Member of the Indiana House of Representatives from the 87th district
- In office December 22, 2001 – November 7, 2012
- Preceded by: Paul Mannweiler
- Succeeded by: Christina Hale

Personal details
- Born: August 23, 1947 (age 78) St. Louis, Missouri, U.S.
- Party: Republican
- Spouse: John
- Children: 2, including Elise
- Alma mater: Indiana University School of Business (BS)

= Cindy Noe =

American politician

Cindy J. Noe is an American politician who served as a member of the Indiana House of Representatives for the 87th District from 2002 to 2012. She served on the Education, Family, Children and Human Affairs committees.

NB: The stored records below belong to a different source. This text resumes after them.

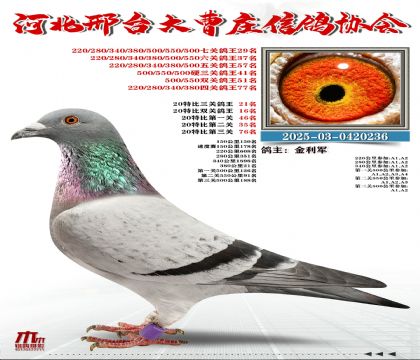 20�ر�����21��,���P(gu��n)����29��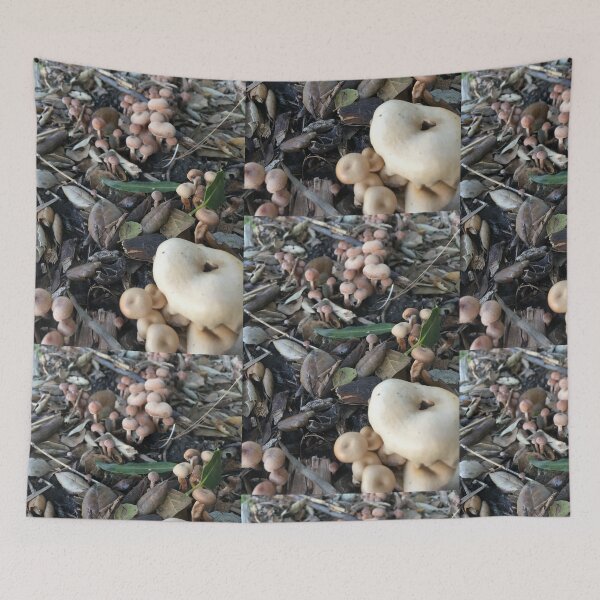 Item preview, Found mushrooms growing  designed and sold by Alexsiya Flora.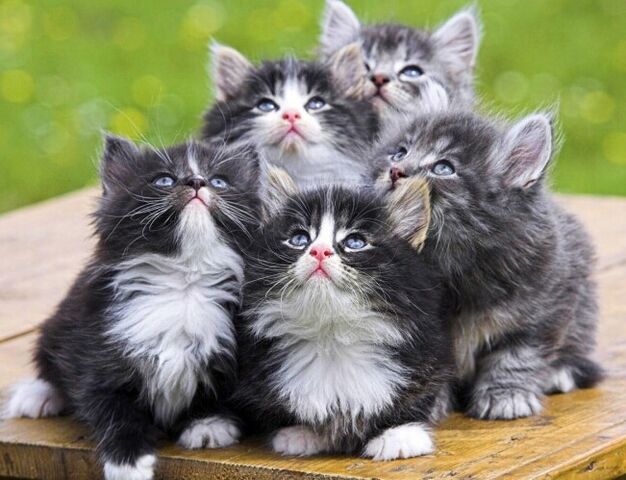 File:KittensLookingUp.jpg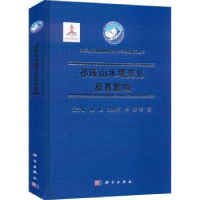 音像祁连山水塔变化及其影响王宁练等著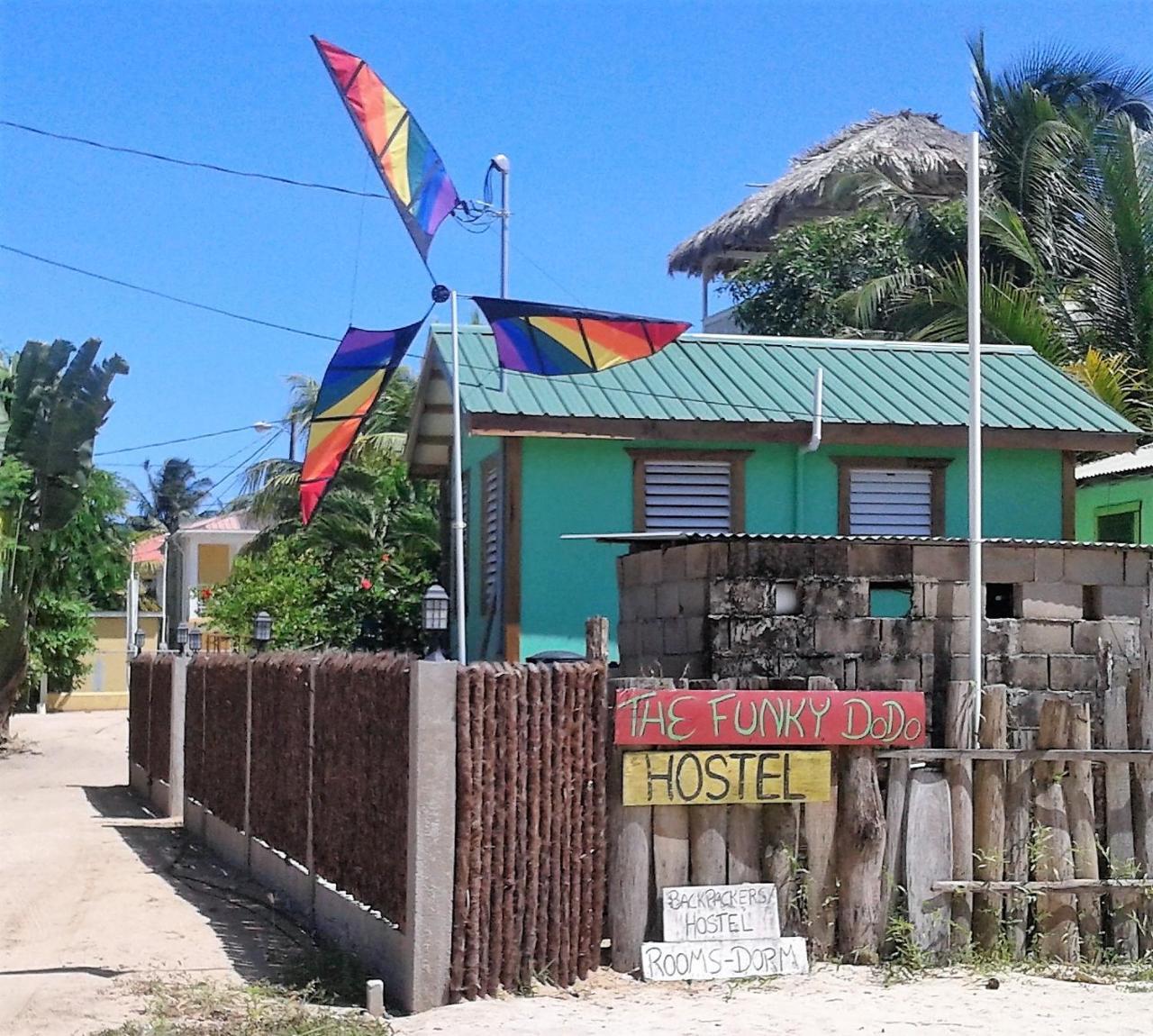 The Funky Dodo Backpackers Hostel Hopkins Ngoại thất bức ảnh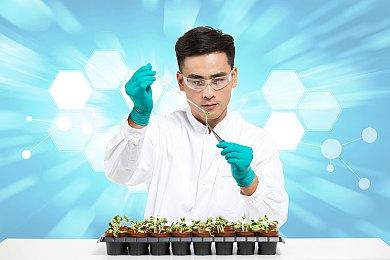 《沙石镇时光》后续开发计划：将新增结婚宠物系统等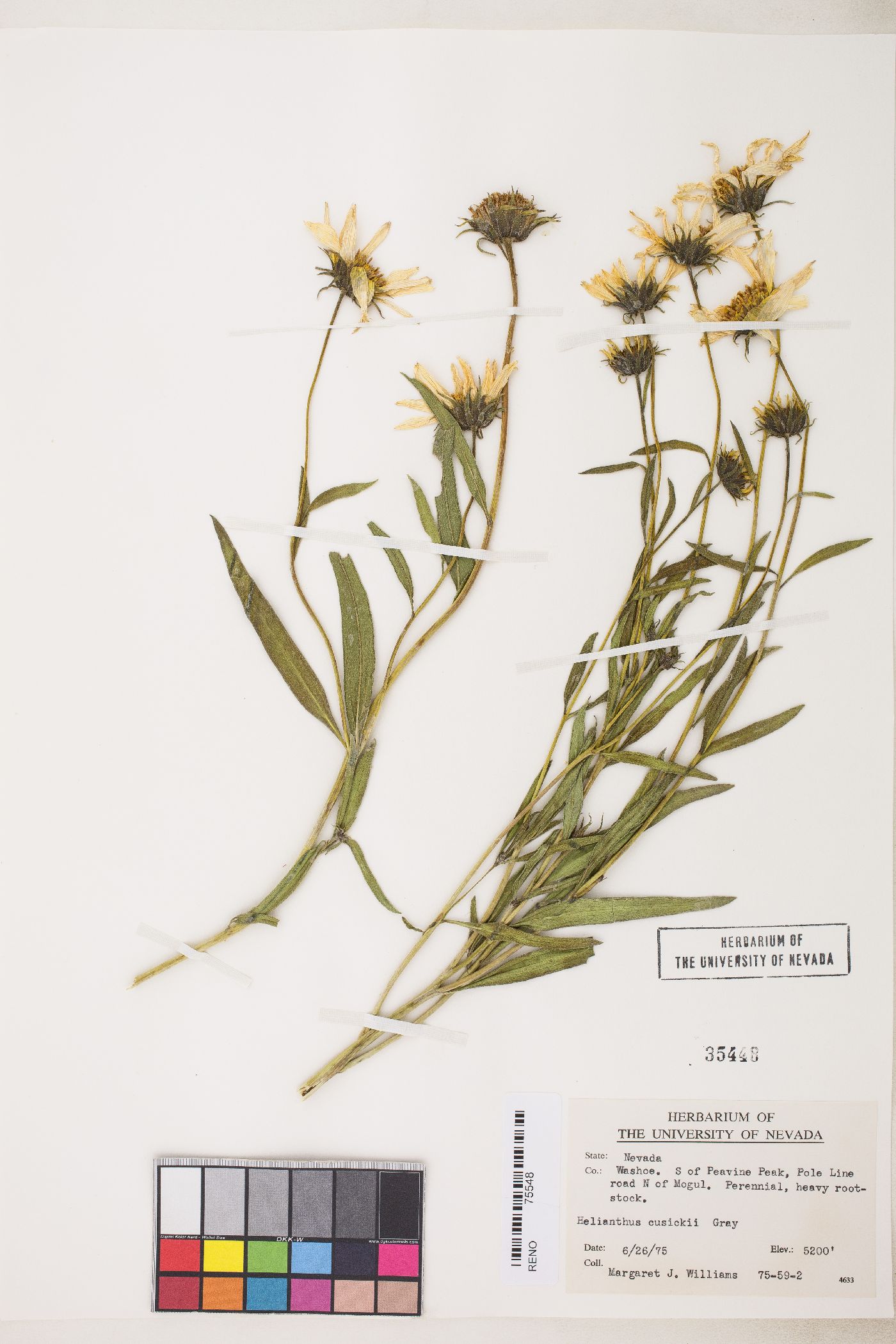 Helianthus cusickii image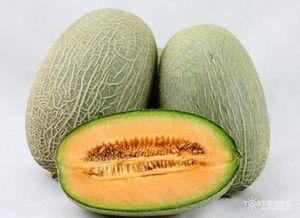 吃哈密瓜网图,甜蜜果实的魅力与营养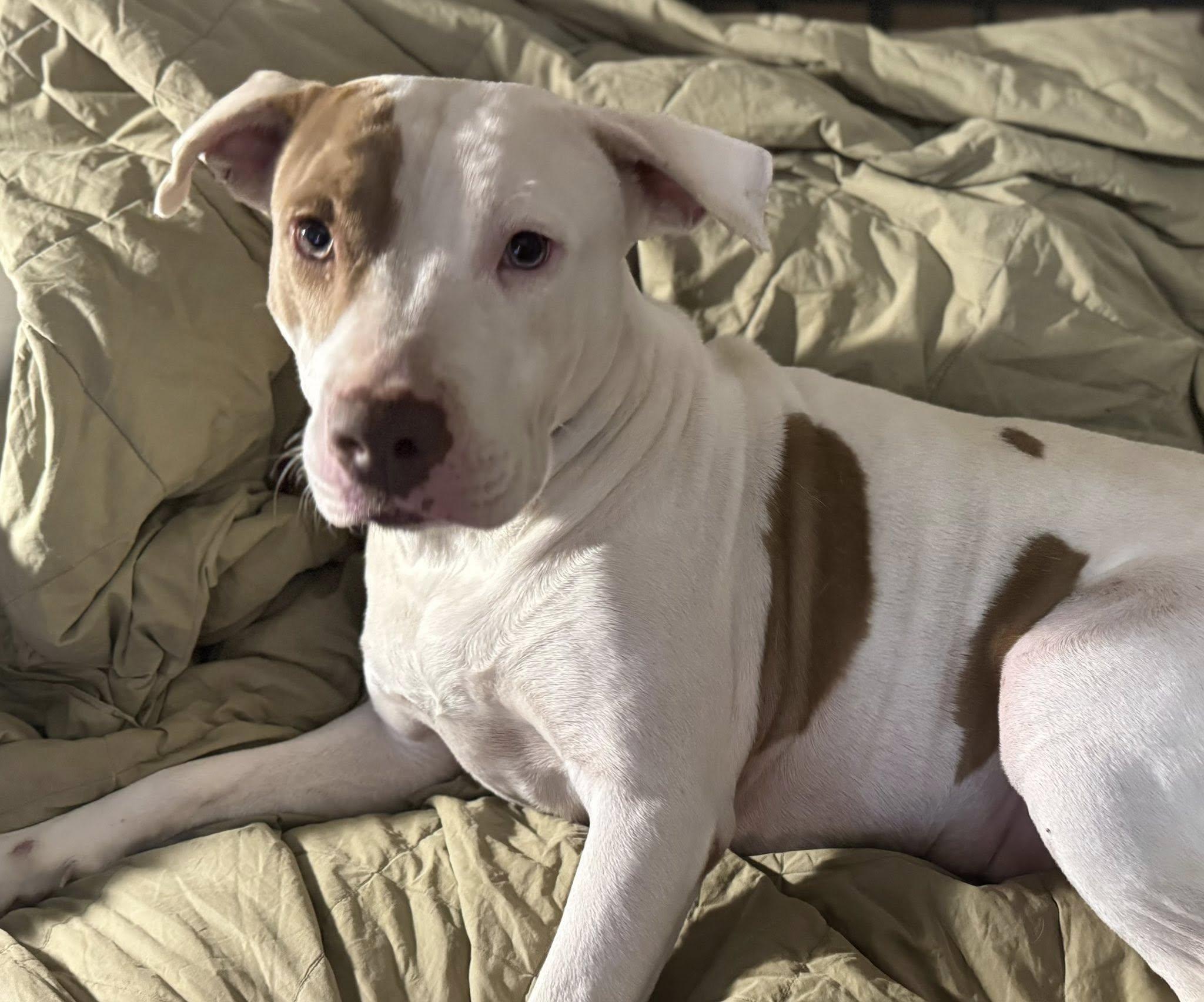 Tulip, a Adoptable mixed breed in Navarre, FL image 2/4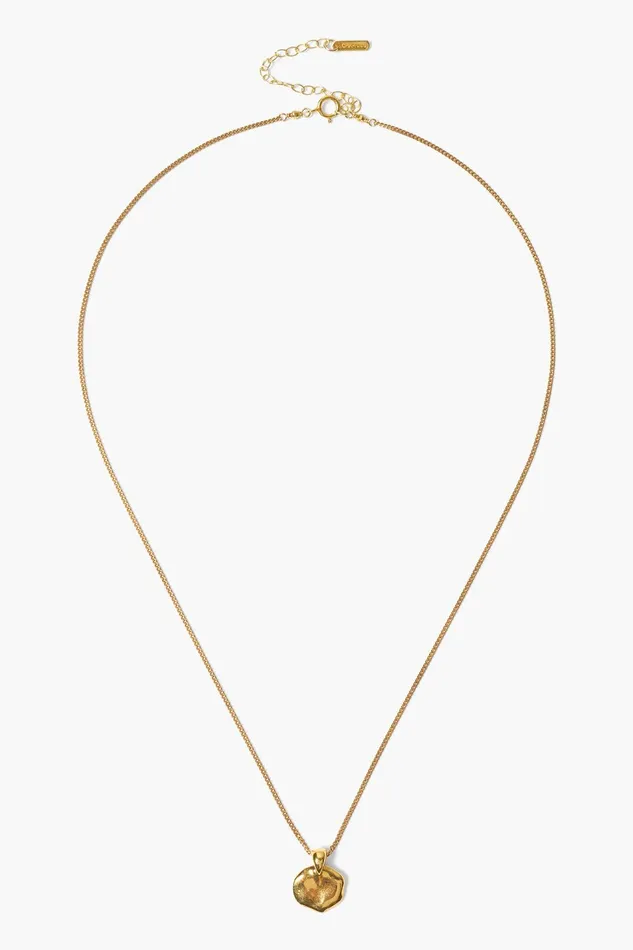 Coin Necklace Yellow Gold Women Chan Luu Necklaces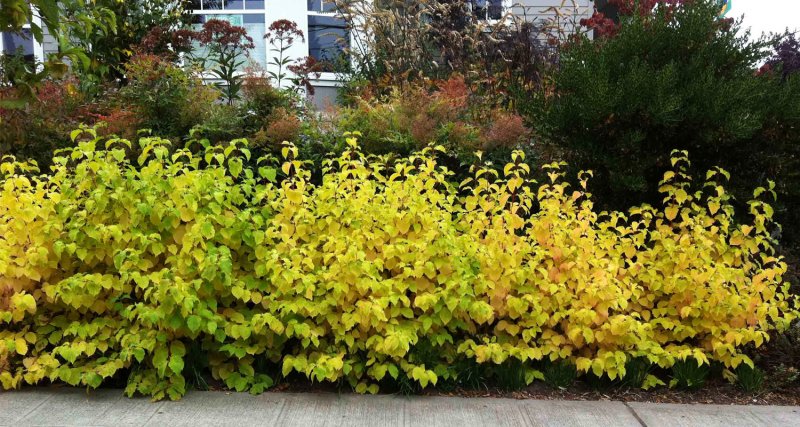 Дерен белый (Cornus Alba `Spaethii`)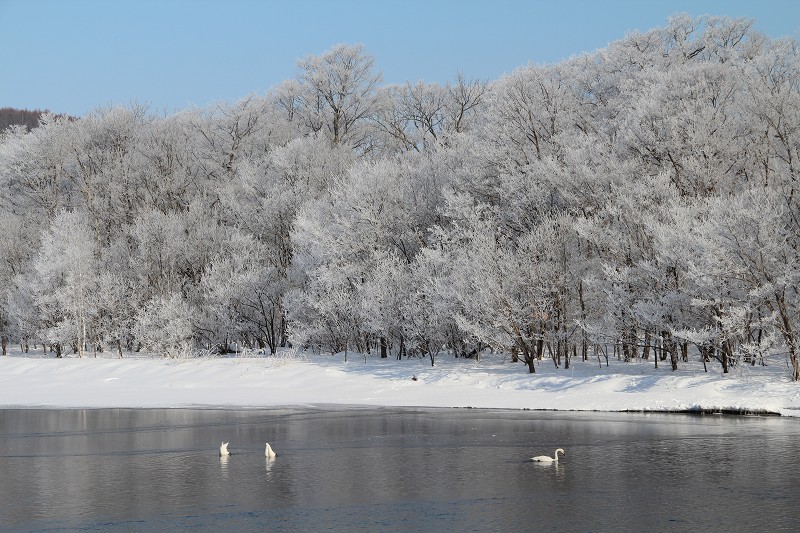 ファイル 404-4.jpg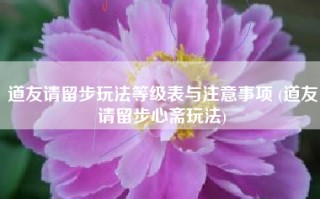 道友请留步玩法等级表与注意事项 (道友请留步心斋玩法)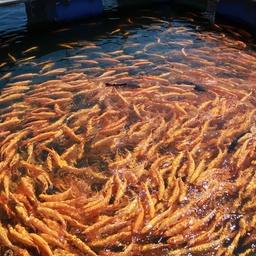 Рыбной отрасли Приангарья готовят план развития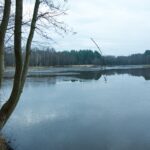 Stara Kuźnica / Magdalena Galas-Klusek / Radio Kielce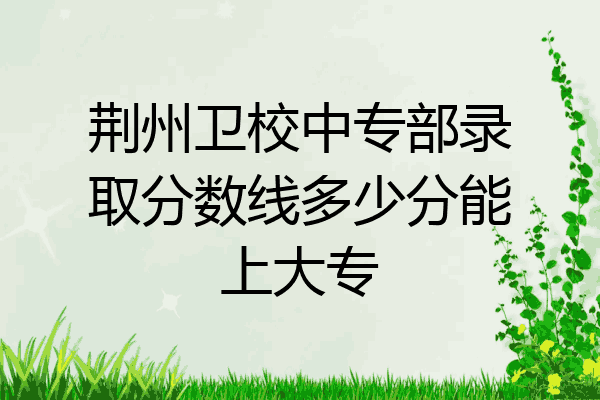 荆州卫校中专部录取分数线多少分能上大专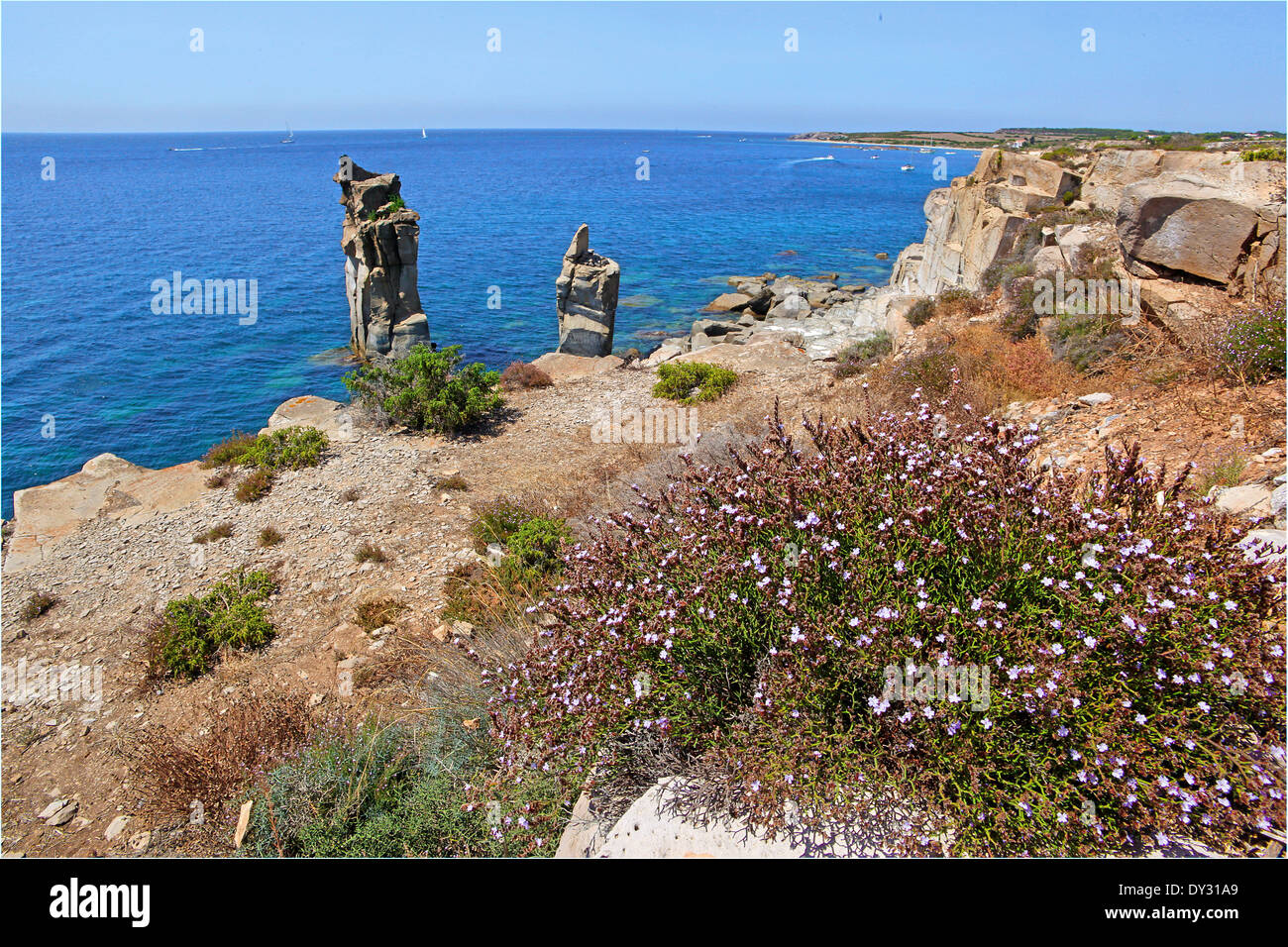 Arbuste de Statice ou la mer (Limonium) Levender à 'Le Colonne' île San Pietro Banque D'Images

==Early life and education==
Noe was born in St. Louis, Missouri and raised in Indianapolis, Indiana. She earned a Bachelor of Science degree in business from Indiana University School of Business in 1969.

==Career==
Representative Noe is the founder and CEO of IHM Facility Services, Inc., located in Fishers, Indiana. She graduated from the Indiana University School of Business and became the first Lugar Series and Indiana Leadership Forum graduate to serve in the House of Representatives. She has been elected Republican Precinct Committeewoman for Washington Township #36, 1996 – present. Rep. Noe also serves on the National Federation of Independent Business, Leadership Council; the Character Council of Indiana, Board of Directors; and as a member of Grace Community Church in Noblesville, Indiana.

==Personal life==
Noe and her husband, John, have two children. She is a longtime resident of Marion County, Indiana.